JSabelli-FDX commented 3 weeks ago

After manually updating to the newest version, the No RateLimit present in response seems to still be returning when I try to do phive selfupdate . Could just be because I'm already using the latest version but other than that, install and update work again. Thank you!

theseer commented 3 weeks ago

@jrfnl So you're telling me there must be a combination of flags that - on windows only - breaks header handling? Any chance to verify that? Because it works reliably in Linux and apparently macos.

jrfnl commented 3 weeks ago

@jrfnl So you're telling me there must be a combination of flags that - on windows only - breaks header handling? Any chance to verify that? Because it works reliably in Linux and apparently macos.

@theseer Not what I'm "telling you", just what I suspect may be happening. You can see the output of the debug code in the GH Actions run for yourself.

theseer commented 2 weeks ago

Am Dienstag, 27. August 2024 schrieb Juliette:

@jrfnl So you're telling me there must be a combination of flags that - on windows only - breaks header handling? Any chance to verify that? Because it works reliably in Linux and apparently macos.

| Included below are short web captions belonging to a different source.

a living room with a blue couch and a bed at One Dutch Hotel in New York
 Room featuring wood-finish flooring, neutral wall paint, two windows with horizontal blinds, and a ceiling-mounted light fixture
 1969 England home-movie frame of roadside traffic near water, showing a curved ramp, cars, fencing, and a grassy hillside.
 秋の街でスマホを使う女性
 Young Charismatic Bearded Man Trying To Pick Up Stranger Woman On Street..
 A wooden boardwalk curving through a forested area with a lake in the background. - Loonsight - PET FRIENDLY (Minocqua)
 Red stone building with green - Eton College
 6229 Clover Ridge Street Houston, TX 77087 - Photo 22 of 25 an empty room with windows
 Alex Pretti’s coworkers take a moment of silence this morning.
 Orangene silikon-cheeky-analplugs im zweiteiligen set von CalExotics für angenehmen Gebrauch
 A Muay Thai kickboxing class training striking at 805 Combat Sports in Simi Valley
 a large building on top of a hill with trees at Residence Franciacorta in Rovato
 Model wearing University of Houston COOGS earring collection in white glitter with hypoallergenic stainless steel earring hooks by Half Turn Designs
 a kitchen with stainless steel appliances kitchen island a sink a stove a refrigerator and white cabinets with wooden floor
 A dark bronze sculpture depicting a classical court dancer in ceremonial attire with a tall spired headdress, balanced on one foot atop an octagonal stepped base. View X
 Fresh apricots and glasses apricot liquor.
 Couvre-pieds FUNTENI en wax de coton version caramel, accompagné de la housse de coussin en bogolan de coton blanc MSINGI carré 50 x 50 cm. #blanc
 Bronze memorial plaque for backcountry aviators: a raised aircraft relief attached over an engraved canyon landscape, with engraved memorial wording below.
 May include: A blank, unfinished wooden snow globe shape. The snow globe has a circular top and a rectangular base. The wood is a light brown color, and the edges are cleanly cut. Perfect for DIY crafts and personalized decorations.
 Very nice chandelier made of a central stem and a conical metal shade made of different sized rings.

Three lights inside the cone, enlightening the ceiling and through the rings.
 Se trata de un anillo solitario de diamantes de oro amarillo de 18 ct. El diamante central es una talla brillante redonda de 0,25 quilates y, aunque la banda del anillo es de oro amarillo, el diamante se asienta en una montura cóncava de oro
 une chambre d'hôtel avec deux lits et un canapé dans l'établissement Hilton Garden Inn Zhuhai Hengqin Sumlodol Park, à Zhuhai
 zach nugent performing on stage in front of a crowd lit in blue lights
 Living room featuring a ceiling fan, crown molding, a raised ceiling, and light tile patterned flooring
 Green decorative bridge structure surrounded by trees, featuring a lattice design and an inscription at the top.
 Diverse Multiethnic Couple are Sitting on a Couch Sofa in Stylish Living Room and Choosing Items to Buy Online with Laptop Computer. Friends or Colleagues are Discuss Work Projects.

@theseer Not what I'm "telling you", just what I suspect may be happening. You can see the output of the debug code in the GH Actions run for yourself.

I got that, and it was not meant as a critique rather disbelieve despite seeing it.

As I'm currently quite unfit - still recovering from a nasty multiday fever: any chance to spin some sort of matrix run to see which one might be the culprit?

-- Reply to this email directly or view it on GitHub: https://github.com/phar-io/phive/issues/374#issuecomment-2313302941 You are receiving this because you were mentioned.

Message ID: @.***

jrfnl commented 2 weeks ago

As I'm currently quite unfit - still recovering from a nasty multiday fever: any chance to spin some sort of matrix run to see which one might be the culprit?

@theseer I'd be happy to, but it's a bit difficult to figure out what should be in such a matrix:

I suspect it may be something to do with the combination of options passed to curl via curl_setopt_array(), but that's not that easy to debug what with those all being integer constants... I can see nine options being added in the Curl class, but 17 in total being added via the curl_setopt_array() call in Curl::exec().

I'm going to have to find out what the other 8 options are which are being passed to be able to set up a usable test scenario.

Won't have time for this till Thursday at the earliest though.

In the mean time: wishing you a speedy recovery!